Deployment - Vexa

Vexa runs in your own environment — open-source, self-hostable, air-gappable. Data, recordings, and agent state stay on infrastructure you control.

Quick start (Docker Compose)

Prerequisites: a Linux host (Ubuntu 24.04), Docker, git, curl.

curl -fsSL https://get.docker.com | sh
git clone https://github.com/Vexa-ai/vexa-core.git && cd vexa-core

make all      # full stack via Docker Compose — each service in its own container
make bot      # build the meeting bot FROM SOURCE — required before a bot can join a meeting

make all seeds .env from .env.example, brings the stack up, and prints an API key plus the service URLs when it’s done. The meeting bot is built from source (make bot), not pulled — the published vexaai/vexa-bot:dev on Docker Hub is the older 0.10 line and is not compatible with this stack’s lifecycle.v1 (bots reach joining then fail). make all warns loudly if the bot image is missing. For a transcript, set a transcription (STT) token in .env (TRANSCRIPTION_SERVICE_TOKEN) — get one at vexa.ai/account, or self-host the transcription service on a GPU for a fully air-gapped install. The API is then at http://localhost:18056 (the gateway) and the terminal web workbench at http://localhost:13000.

The stack

Service	Role
gateway (`:18056`)	the one front door — auth, scopes, routing
admin-api	users + API keys
meeting-api	bots, transcripts, recordings (to object storage)
runtime	spawns bot + agent containers on demand (via the Docker socket)
agent-api	the agent control plane — dispatch, chat, routines, events
terminal (`:13000`)	the web workbench — proxies `/ws` → gateway and REST/login → agent-api/admin-api
redis · postgres · minio	bus + scheduler · metadata · object storage (recordings + workspaces)

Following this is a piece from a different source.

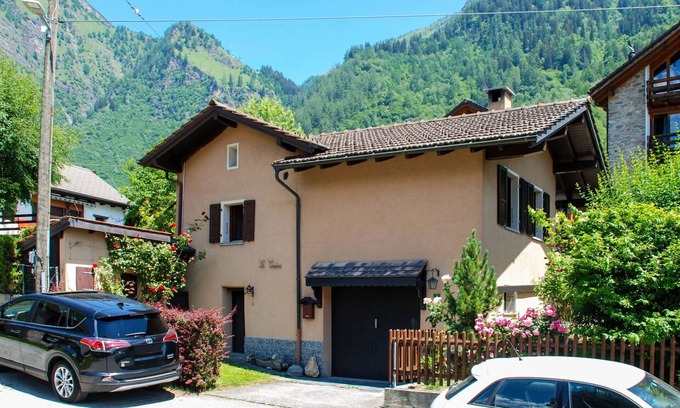 Olivone House | Beautiful private villa for 4 guests with WIFI, TV, patio, pets allowed and panoramic view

The bot is not a long-running service — the runtime spawns a browser container per meeting (BROWSER_IMAGE) and an agent container per dispatch (AGENT_IMAGE), then reaps them. The BROWSER_IMAGE is built from source here (make bot) and the runtime spawns it without pulling — so it must exist locally before any bot can join (build it once; make all checks and warns if it’s absent).

Configuration

Transcription (STT) — TRANSCRIPTION_SERVICE_URL / TRANSCRIPTION_SERVICE_TOKEN. Unset → bots join and capture, but produce no transcript.
Object storage — MinIO (MINIO_*): meeting recordings and agent workspaces live in your bucket. The default MINIO_HOST_PORT=9000 is a common port — if it’s already taken on your host (make all fails with bind … 127.0.0.1:9000 … address already in use), set a free port in .env.
Agent inference — bring your own: point the agent at your endpoint so no inference leaves the network (VEXA_AGENT_MODEL / mounted credentials).
Secrets — ADMIN_TOKEN, INTERNAL_API_SECRET, DB credentials. Set real values before exposing.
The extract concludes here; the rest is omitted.